Your goal –
Would you output the lines from the one containing "Disney Loungefly Stitch" through the final line of the entries, exactly and with pictures omitted?

(Dataset extract begins)

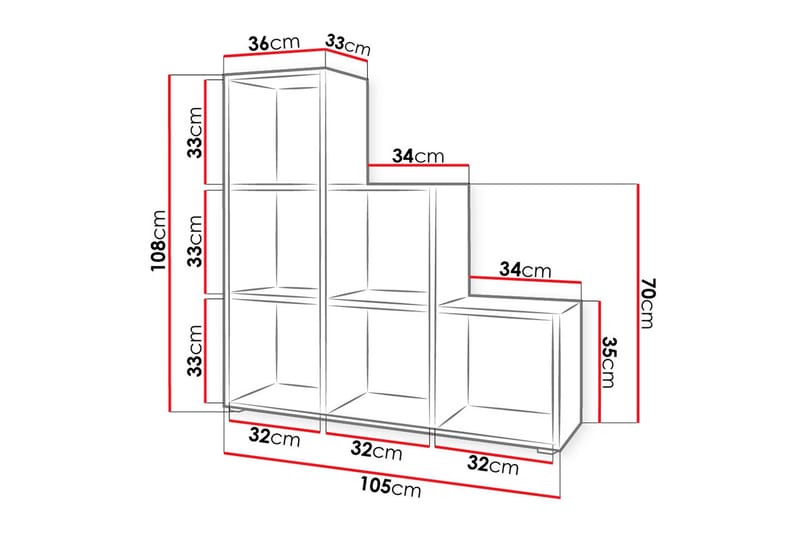 Trio Hylla 105x33x108 cm - Grå/Vit - Förvaring - Hylla - Bokhylla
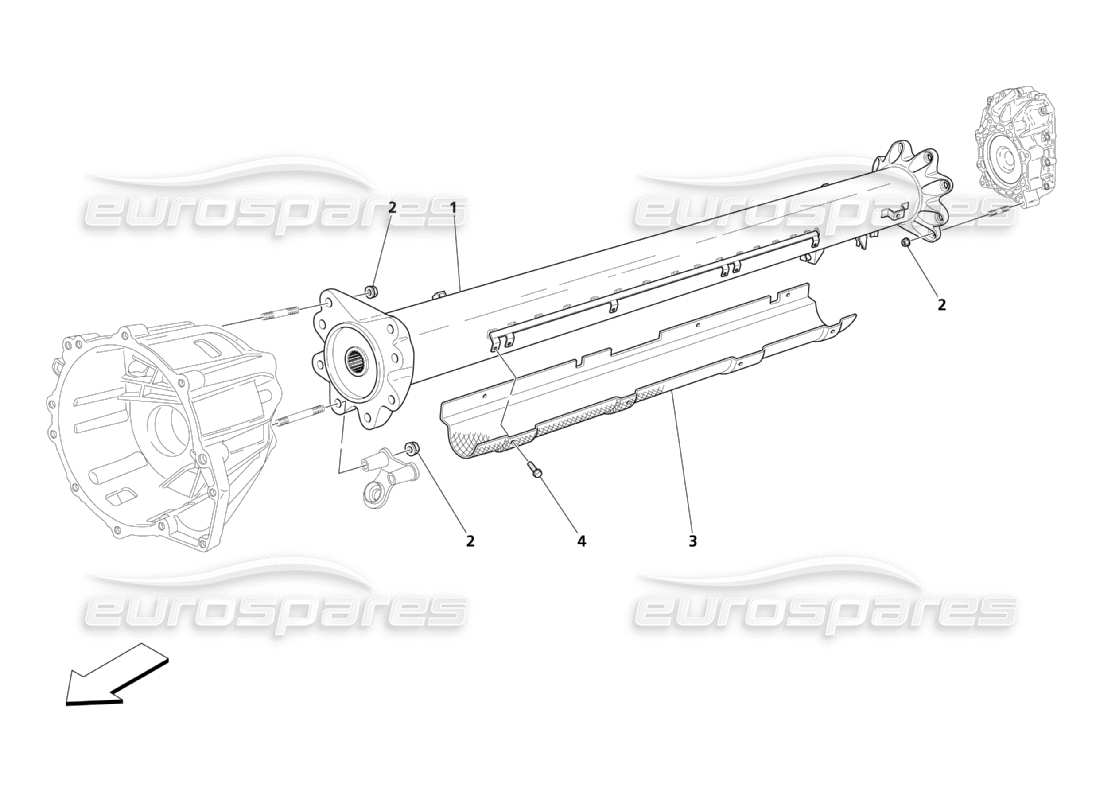 maserati qtp. (2003) 4.2 transmission tube parts diagram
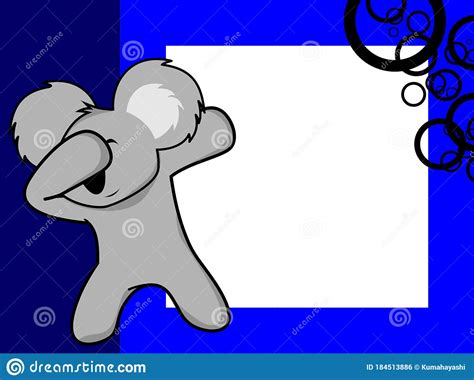 Dab Dabbing Pose Koala Kid Cartoon Picture Frame Background Stock
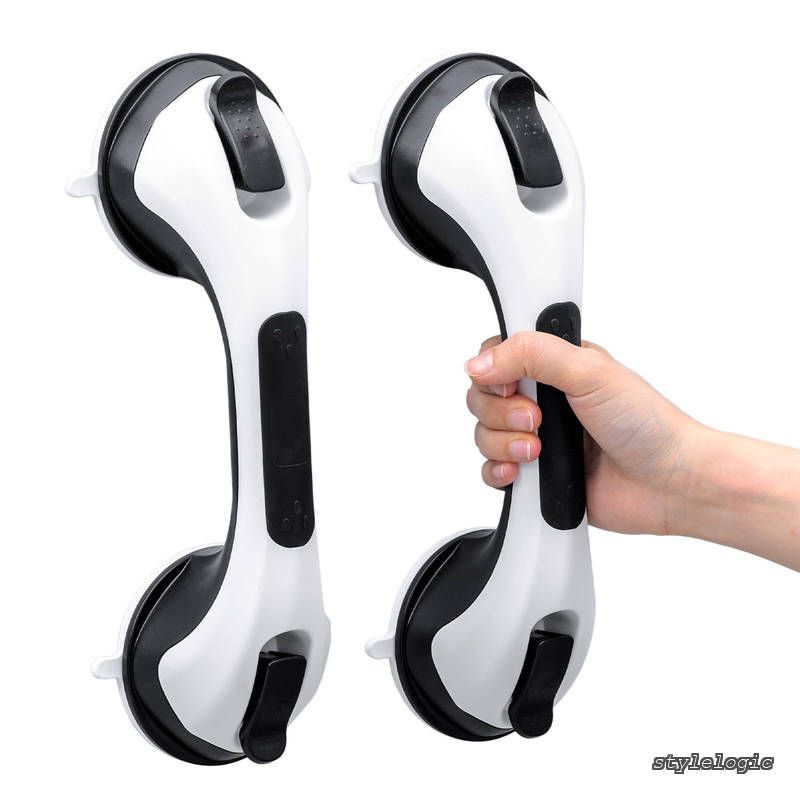 Rakuten - 【送料無料】風呂 浴槽手すり 吸盤強力 介護 手すり 2個セット 吸盤シャワーてすり ドアハンドル ドアノブ 取っ手 浴室 トイレ バスルーム 玄関手摺 入浴介助 高齢者 子供 転倒 予防 穴あけ不要 取り付け簡単 ブラック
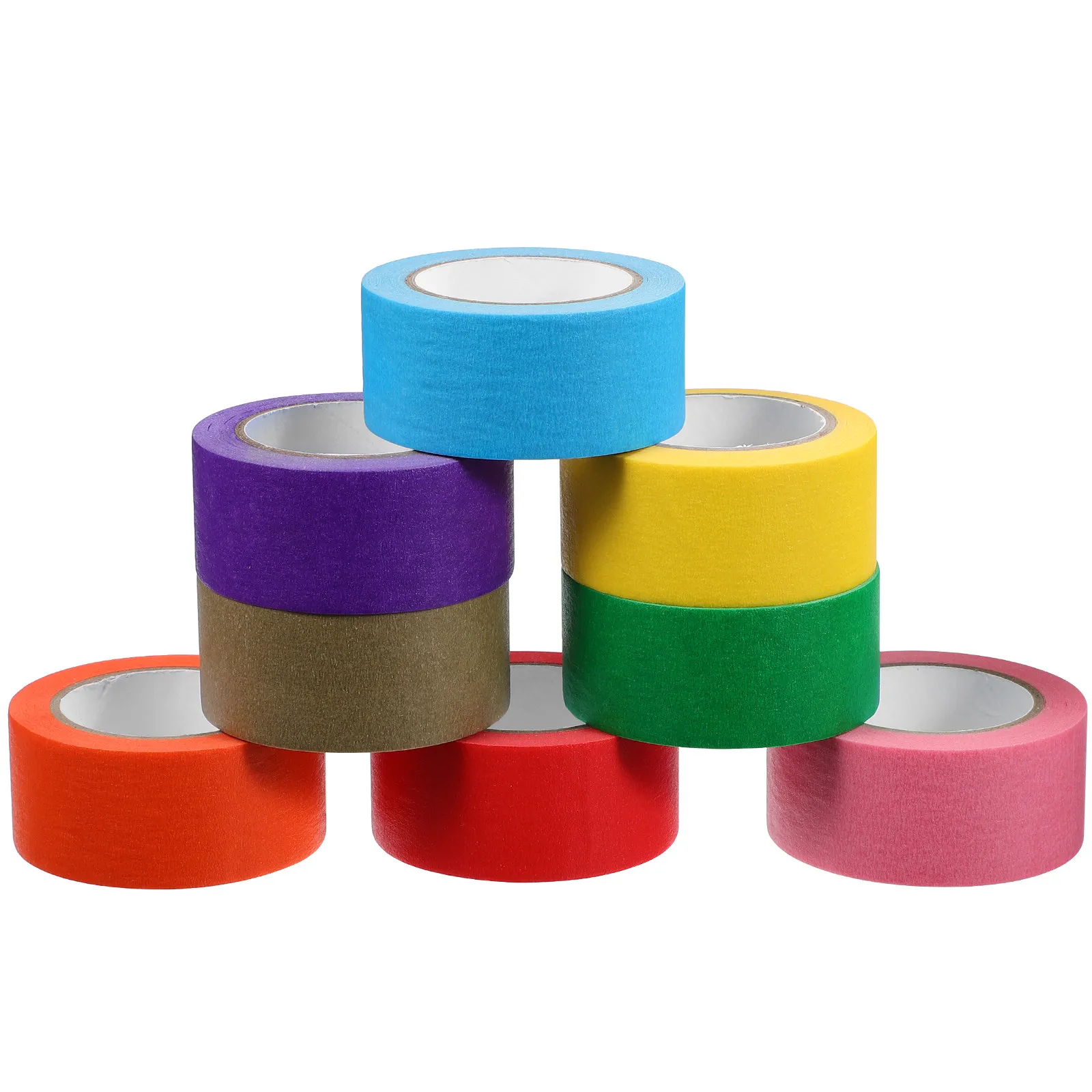 8 Rolls Rich Color Masking Tape Decorative Colored Paper Tape for Crafting Painting Cars Labeling Planners Organizing Artists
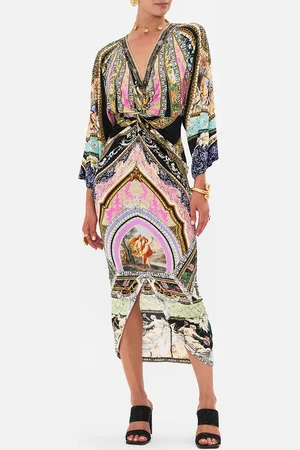 Camilla Long Split Front Twist Dress Florence Field Day, 3XL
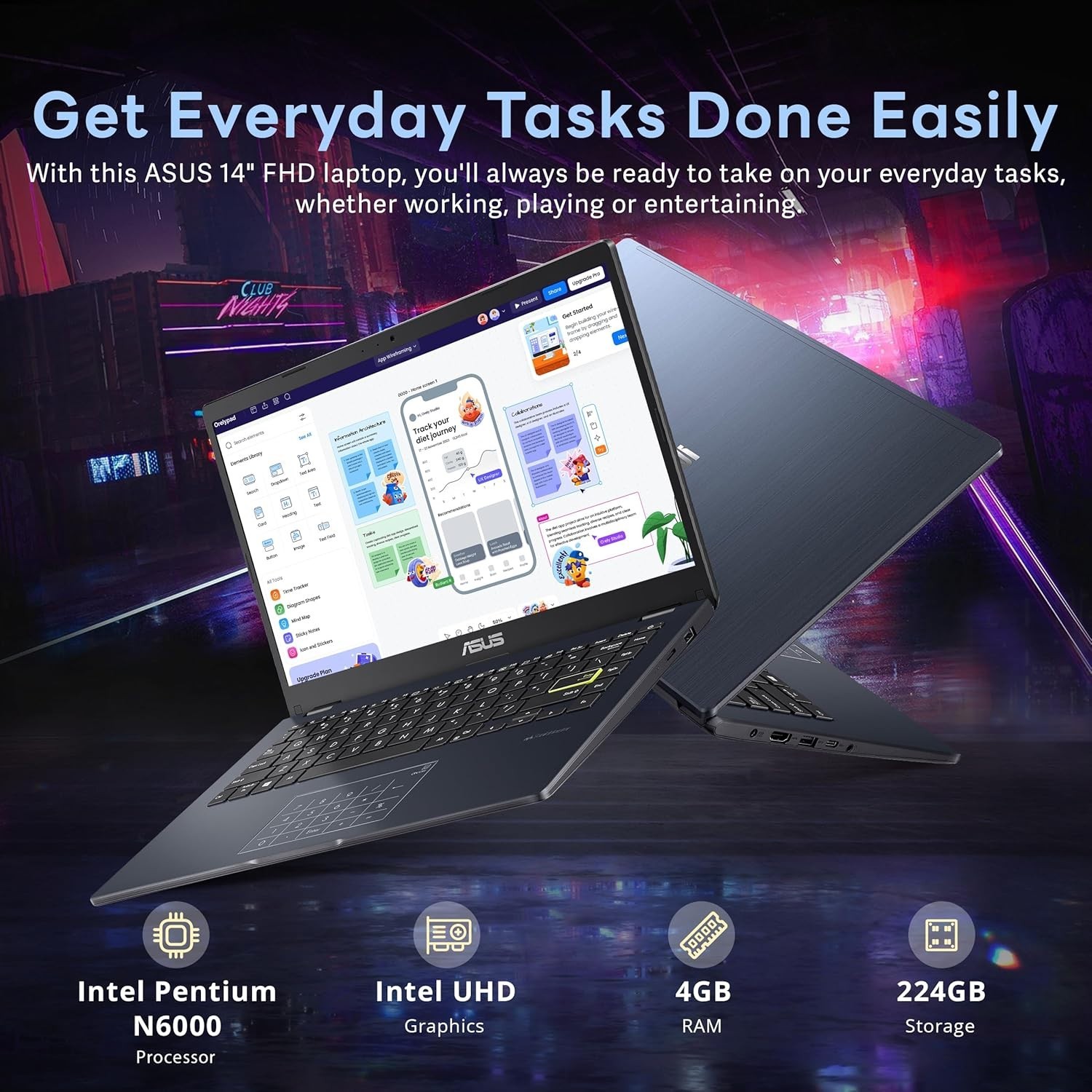 Portable 14″ FHD Laptop – 4GB RAM, Bluetooth 5.1, Intel UHD Graphics, Black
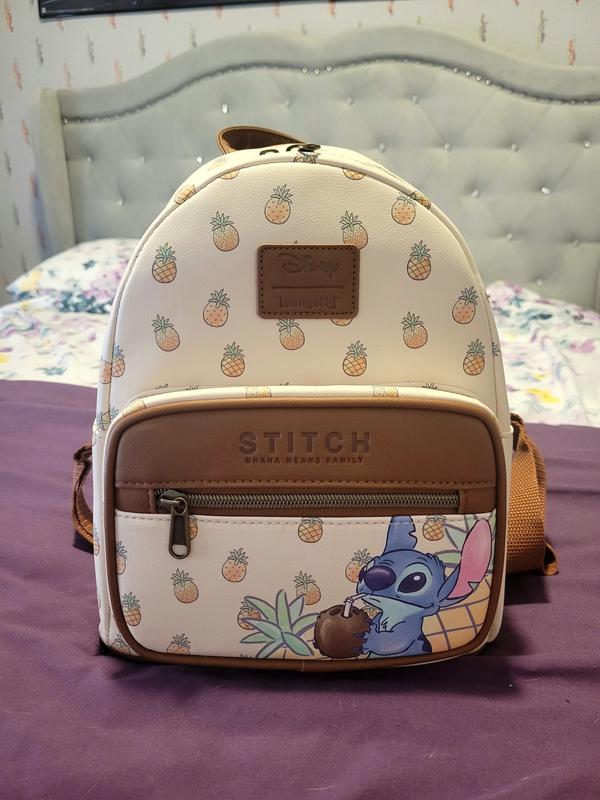 Disney Loungefly Stitch Pineapple Backpack - Cream and Brown Loungefly Disney Lilo & Stitch Metallic Pineapples Mini  main image 3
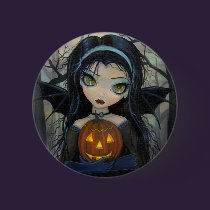 October Woods Vampire Big-Eye Halloween Button buttons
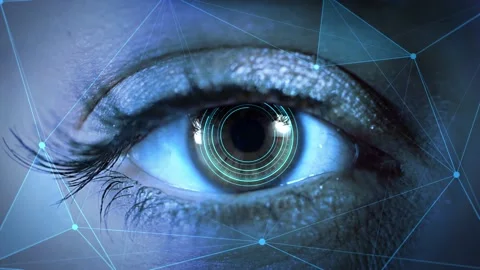 Virtual Reality Futuristic technological scanning of facial recognition and Stock Footage 178399971
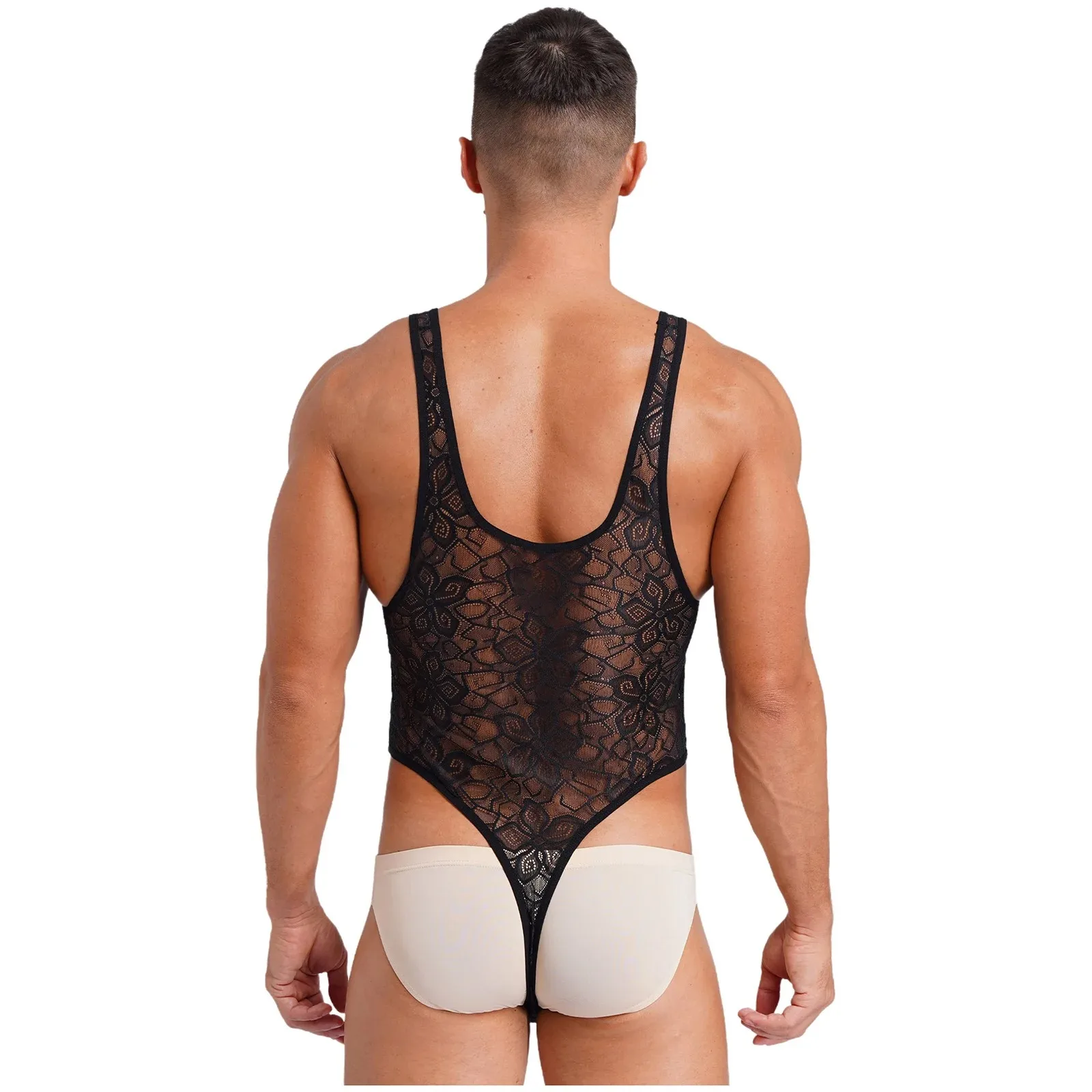 Medias Gay Sissy para hombre, lencería, Tops para el cuerpo, mono transparente con patrón de una pieza, cuello redondo profundo, ropa ajustada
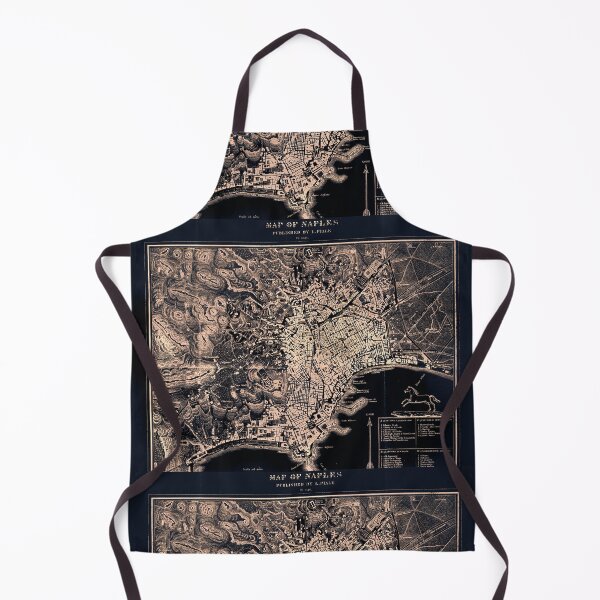 Item preview, Vintage old map of Naples, Italy. Black Napoli map glowing lights designed and sold by Long Exposure.
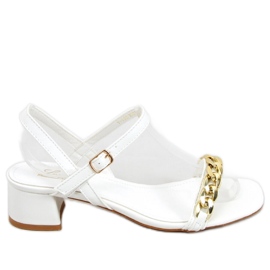 Daphne White lavhælede sandaler - Inello hvid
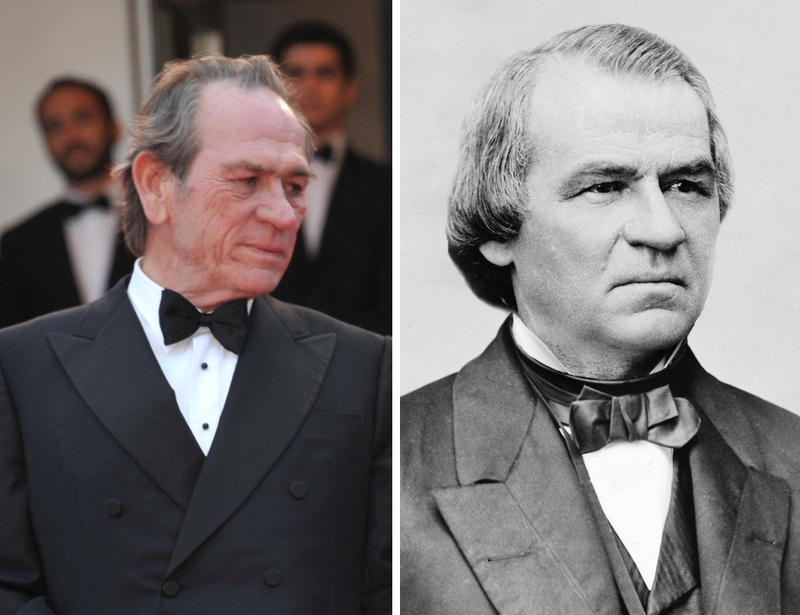 Tommy Lee Jones und Andrew Johnson | Alamy Stock Photo by Jaguar & Getty Images Photo by Library Of Congress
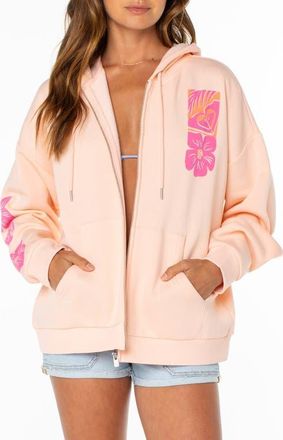 Roxy Evening Lineup Full Zip Fleece Graphic Hoodie in Tropical Peach at Nordstrom, Size X-Small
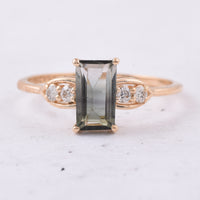 0.89 Ct Rectangle Step Cut Natural Tourmaline 14K Gold Ring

(Dataset extract ends)

Exercise answer –
 Disney Loungefly Stitch Pineapple Backpack - Cream and Brown Loungefly Disney Lilo & Stitch Metallic Pineapples Mini  main image 3
 October Woods Vampire Big-Eye Halloween Button buttons
 Virtual Reality Futuristic technological scanning of facial recognition and Stock Footage 178399971
 Medias Gay Sissy para hombre, lencería, Tops para el cuerpo, mono transparente con patrón de una pieza, cuello redondo profundo, ropa ajustada
 Item preview, Vintage old map of Naples, Italy. Black Napoli map glowing lights designed and sold by Long Exposure.
 Daphne White lavhælede sandaler - Inello hvid
 Tommy Lee Jones und Andrew Johnson | Alamy Stock Photo by Jaguar & Getty Images Photo by Library Of Congress
 Roxy Evening Lineup Full Zip Fleece Graphic Hoodie in Tropical Peach at Nordstrom, Size X-Small
 0.89 Ct Rectangle Step Cut Natural Tourmaline 14K Gold Ring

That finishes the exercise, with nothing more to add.